Wednesday, July 22, 2015

Day 12--The heart

"He told them many things in parables, saying: "Listen! A sower went out to sow..." -Matthew 13:3 




I've always liked parables. Who doesn't relish a good story?  As a child, so much of what I was taught at Catholic CCD was hard to grasp, but the parables, they made sense.  House built on sand.  Merchant found a pearl.  A man stopped to help a sick man. Great! Let's color a picture, and then we can all go home. 

As an adult, I have an even greater respect for them. Now I appreciate the genius of their design. Like burrs that stick to your socks--long after class is over, you'll find their simple images sleeping in the corners of your mind. They are winsome; they invite you in and then entreat you to find a comfortable place to rest, to stop and think a bit. Where would I build my house?  Would I sell my field? Would I be too busy to stop?

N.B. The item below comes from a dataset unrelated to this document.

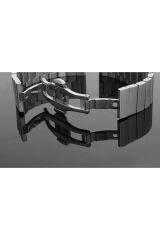 Galaxy Watch 42mm (20mm) Uyumlu KRD-16 Metal BSAY Kordon-Beyaz Beyaz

For me, a favorite among them has always been the Parable of the Sower.  Great imagery--A sower had a field, and he broadcast some seed. It fell on four different types of ground: path, stony, thorny, and good soil. Four scenarios, four results.  Even better, Jesus took care to elucidate this one it point-by point.  No need to guess what is meant.

But in my 40's, it's begun to puzzle me, even to sadden me.  Although it's straightforward and clean in many regards, in others, it's unfathomable. As a child, it was easy to conclude "Yes, I want to be the good soil!" and move on.  But as an adult, this story takes me to places that are more piercing, difficult.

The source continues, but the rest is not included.